5:20-5:40	Pradeep Natarajan	USC	View and Scale Invariant Action Recognition Using Multiview Shape-Flow Models	Pradeep Natarajan, Ramakant Nevatia	Actions in real world applications typically take place in cluttered environments with large variations in the orientation and scale of the actor. We present an approach to simultaneously track and recognize known actions that is robust to such variations, starting from a person detection in the standing pose. In our approach we first render synthetic poses from multiple viewpoints using Mocap data for known actions and represent them in a Conditional Random Field(CRF) whose observation potentials are computed using shape similarity and the transition potentials are computed using optical flow. We enhance these basic potentials with terms to represent spatial and temporal constraints and call our enhanced model the Shape,Flow,Duration- Conditional Random Field(SFD-CRF). We find the best sequence of actions using Viterbi search in the SFD-CRF. We demonstrate our approach on videos from multiple viewpoints and in the presence of background clutter.
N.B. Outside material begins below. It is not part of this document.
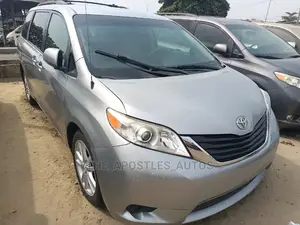 Toyota Sienna LE FWD 8-Passenger 2013 Gray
5:45-6:05	Merrielle Spain	Caltech	Some Objects Are More Equal Than Others: Measuring and Predicting Importance	Merrielle Spain and Pietro Perona	We observe that everyday images contain dozens of objects, and that humans, in describing these images, give different priority to these objects. We argue that a goal of visual recognition is, therefore, not only to detect and classify objects but also to associate with each a level of priority which we call ‘importance’. We propose a definition of importance and show how this may be estimated reliably from data harvested from human observers. We conclude by showing that a first-order estimate of importance may be computed from a number of simple image region measurements and does not require access to image meaning.
6:15-8:00	Dinner				Dinner at the University Club. Within walking distance, just west of Bren Hall. We are eating in Room C.